仕事や通勤通学ができないほどの強い倦怠感、味覚障害、嗅覚障害などは有名ですが、妊活に支障が出る深刻なトラブルもあります。
現在判明している妊活に関係がある後遺症は、「ED(勃起障害)」「精子のコンディションの低下」などが挙げられます。
EDはまだ自覚ができますが、精子のコンディションは分かりません。ぜひ、感染後、症状が治まってからしばらく間を置いて(最低限、症状が治まって10日以上~3ヵ月経ってから)精液検査をすることをおすすめします。
コロナ感染後に精子数が大きく減る報告
スペインで2020年~2022年10月にコロナ感染をして「軽症だった」男性45人の精子を調べた調査があります。(検査はすべて感染後100日以内)
全員が感染前の精液検査のデータがあり、感染前と感染後の数値を比べることができました。
人数が少ないので参考程度ですが、その結果は驚くべきものです。
・精子濃度 1mLあたり6,800万→5,000万(26.5%減)
・精子数 1mLあたり1億6,000万→1億(37.5%減)
・動く精子数 80%→76%(5%減)
・運動率 49%→45%(9.1%減)
感染後も自然妊娠が期待できる数値ではありますが、かなりのインパクトのある結果です。
いちばんダメージを受けたのは総精子数で、平均57%も減少しました。
この調査では残念なことに、100日後以上経った方でも精子濃度、運動率は感染前には戻りませんでした。
しかしベルギーの調査では乏精子症(精子の数が少ない)が感染後1ヵ月未満で37%だったのが、2か月後には6%まで改善しています。時間が経てば、ある程度は改善する可能性はある、と考えても良さそうです。ただし全員が改善するとは限りません。
コロナ感染が原因となる精子トラブルは、再感染を防ぎながら、徐々に改善するのを待つのが現状できる唯一の方法です。
コロナ禍を精子検査のきっかけに
男性にとってはショックな内容だと思います。
今回の結果は「ダメージを受けても、自然妊娠には支障がない範囲」ではありますが、もし精子量や運動率にトラブルがある男性がコロナ感染をすると、ますます数値が悪化する可能性があります。
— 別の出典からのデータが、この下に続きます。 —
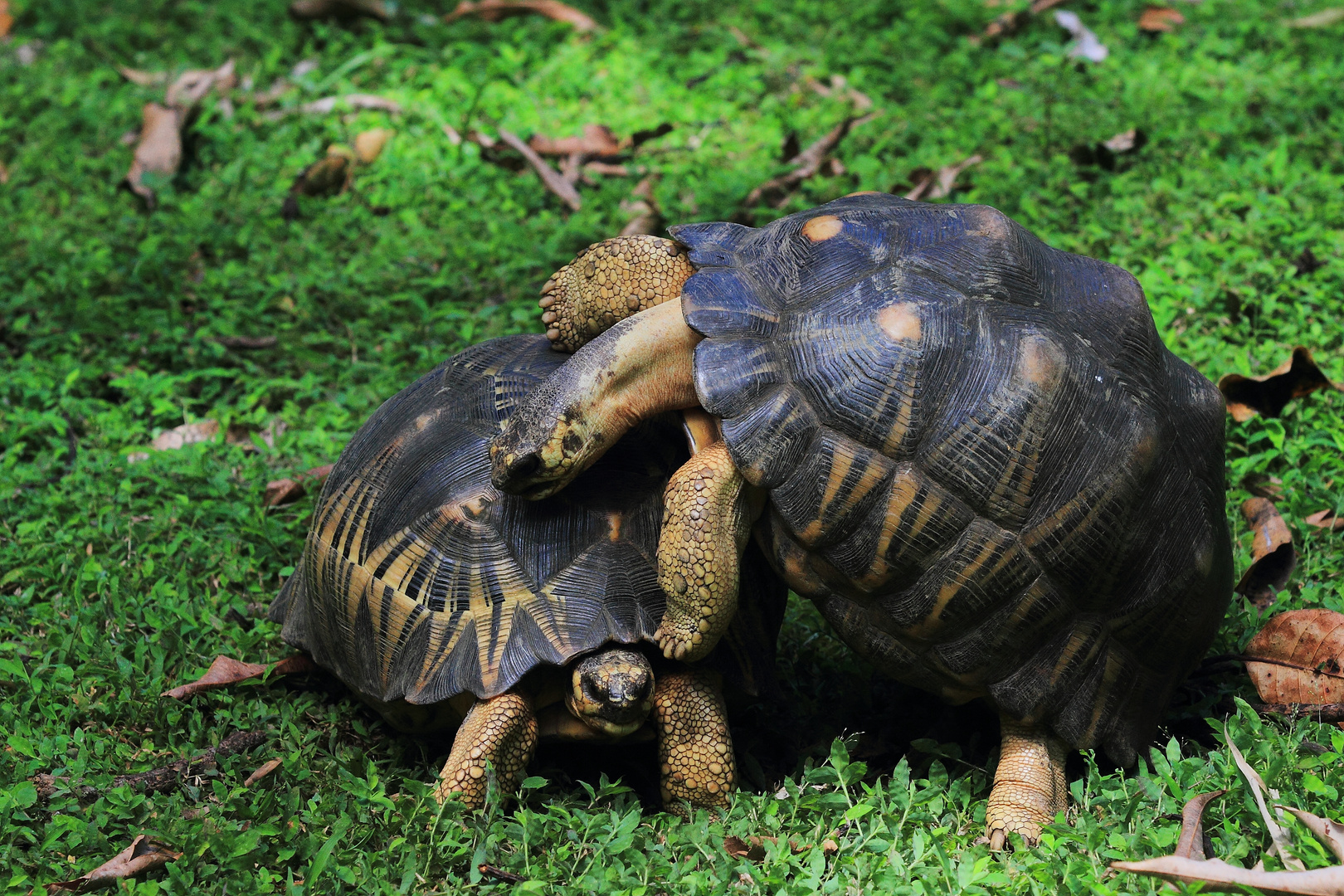 Strahlenschildkröte (3/3)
男性はなかなか精液検査に協力してくれない傾向がありますが、新型コロナウイルスはだれでも感染するリスクがあります。
もし感染していなければ、健康な状態のデータを取るためにも精液検査を薦めることをおすすめします。このような時代だからこそ説得力が増すでしょう。
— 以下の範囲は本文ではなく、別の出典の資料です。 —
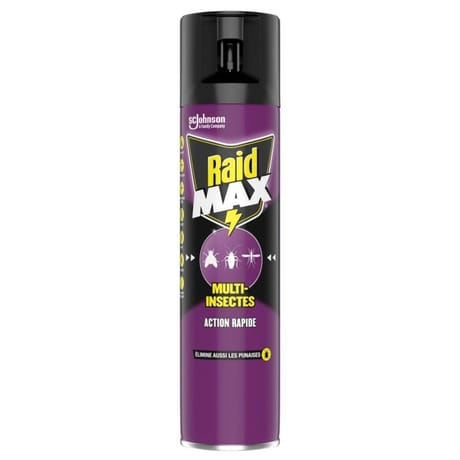 Raid max aérosol multi-insectes 400ml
もし感染したら、感染後100日前後を目安に精液検査をすることをおすすめします。
精子の細胞が生まれ変わるのには3ヵ月ほどかかるので、その時期に検査をすれば妊活に支障があるか、ないかの判定ができます。
もし精子の数が極端に少なくても、顕微授精を行えば妊娠は可能です。検査するのが怖い気持ちは分かりますが、精子の数がゼロでなければ、不妊治療を続けることはできます。
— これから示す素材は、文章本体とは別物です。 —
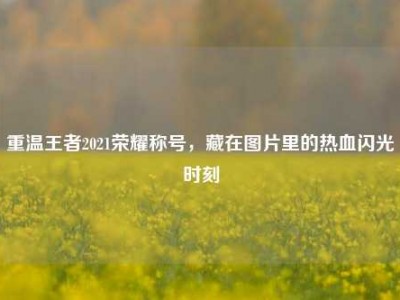 重温王者2021荣耀称号，藏在图片里的热血闪光时刻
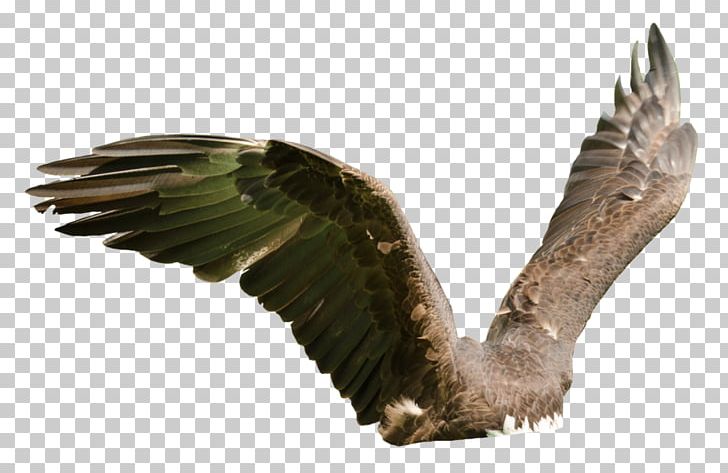 Eagle Bird Of Prey Buzzard Hawk PNG, Clipart, Accipitriformes, Animals, Art, Beak, Bird Free PNG Download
病気でも健康な人と同じように妊娠、出産ができる手伝いをするのが、不妊治療です。
病気や老化がもとで子供に恵まれないのを医療で解決するのは、足が折れた人に治療をほどこし、治るまで治療を続けることと同じです。
「病気なら医療の力を借りるのは当然」だと思い、気負わず検査に当たると良いかもしれません。
精液検査は
「今後、どのような治療が適切か。タイミングを続けるか、人工授精か、体外受精か」
という目安になる、大事な指標です。
今まで一度も検査を受けたことがなければ、コロナ禍は大きな後押しになるでしょう。
コロナウイルスは何度でも感染する
あまりにも症状や後遺症が激しい新型コロナウイルスですが、何より厄介なのは、何度でも感染することです。
コロナウイルスは免疫をすり抜ける能力があるので、たとえ感染しても数か月で抗体は失われ、再感染します。そして、再感染することでダメージが蓄積され、やがて大きな後遺症を患うリスクが上がります。
ただの風邪のように何度も感染するのに、感染のたびに人生を狂わせる後遺症を引き起こすリスクがある、厄介極まる感染症です。
新型コロナウイルスが5類に変更になったのは、世界規模で「封じ込めを諦めた」からに過ぎません。相変わらず新型コロナウイルスの厄介さはそのままで、後遺症が大きな問題になりつつあります。
新型コロナウイルス感染症の後遺症はまだ分からないことが多く、全容解明には時間がかかると思われます。
本当に「ただの風邪」程度の症状しか出ないケースはありますが、軽い風邪程度でも後から後遺症に苦しむことは珍しくありません。
目に見えない後遺症が多いので、自分が後遺症で苦しむまで実感できないかもしれません。
しかし感染リスクをできるだけ下げることはできます。
ワクチンの定期接種で、後遺症リスクをある程度下げることが知られています。
しかし現在のワクチンでは後遺症リスクをゼロにはできません。
不織布マスク着用、換気、手指の消毒や手洗い、人込みは極力避ける、マスクを着けていない人とは2メートルほど離れて話す(ソーシャルディスタンス)など、できるだけ感染しない対策を行っていきましょう。